Wings Magazine

News
Boeing rethinking plans as orders for 787 dry up

Jan. 11, 2010 – Boeing Co. is re-evaluating plans for a short-range version of its 787 airplane after the sole airline with pending orders went with other Boeing models instead.


January 11, 2010
By Melissa Damota

Jan. 11, 2010 – Boeing Co. is re-evaluating plans for a short-range version of its 787 airplane after the sole airline with pending orders went with other Boeing models instead.

Randy Tinseth, vice-president of marketing for Boeing's commercial airplanes division, wrote in a company blog that Boeing will "continue to assess the market viability'' of the 787-3, a model that Boeing describes as a "super-efficient airplane'' aimed at the middle of the market. Boeing says the plane uses 20 per cent less fuel than other planes of its size, and seats 290 to 330 passengers and has a range of 4,600 to 5,650 kilometres.

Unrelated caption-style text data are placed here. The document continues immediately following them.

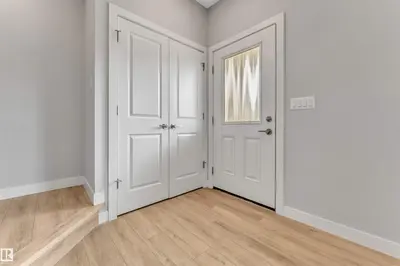 Interior photo 1 of 562 GLENRIDDING RAVINE DR SW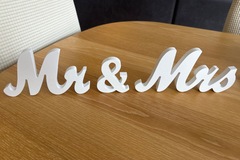 Selling: Mr and Mrs - white wooden sign for wishing well or gift table 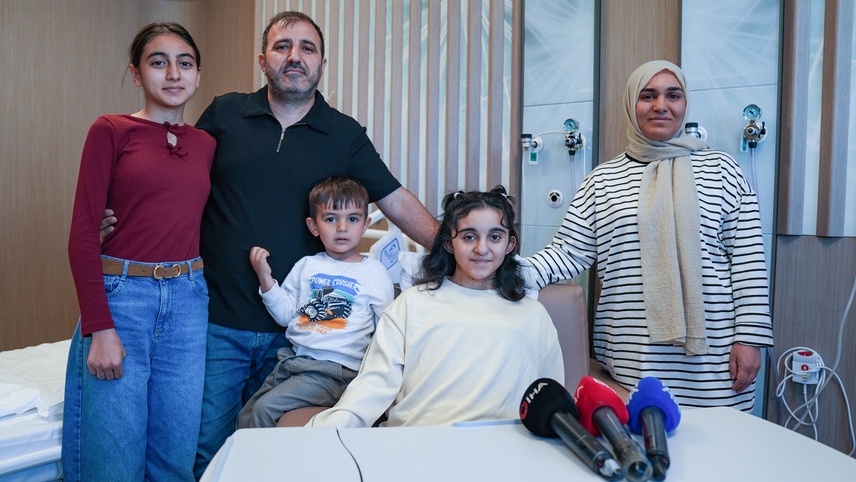 İki yıldır beklediği nakil haberini Kars'ta alan genç kız, zamanla yarışla yeni karaciğerine kavuştu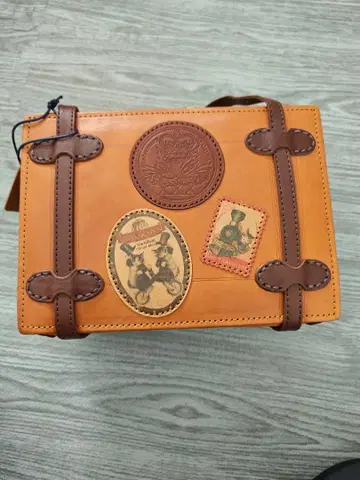 와치필드 트렁크 30주년 트롬프뢰유 가죽 트렁크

Boeing has poured billions of dollars into developing the family of the sleek blue-and-white 787 jetliners, which feature radical departures from other planes in design to make the planes quieter, lighter and less fuel-thirsty. The initial flight of a 787 took place last month, two years behind schedule as the program has been
plagued by parts problems and other delays.

The move to rethink the 787-3's future comes after Japan's All Nippon Airways Co. converted its 787-3 orders into other models, a decision that left Boeing, based in Chicago, with no orders left for the plane in the company's backlog, Tinseth said.

Advertisment

"Simply put, getting aircraft into their hands for earlier delivery was a better solution for them,'' Tinseth wrote in the blog posting Friday.

Other models in the 787 family include the 787-8, which can carry 210 to 250 passengers with a range of 14,160 to 15,180 kilometres, and the 787-9, which can carry 250 to 290 passengers with a range of 14,800 to 15,700 kilometres. Boeing says it had a total of 851 orders for 787 models as of Jan. 7.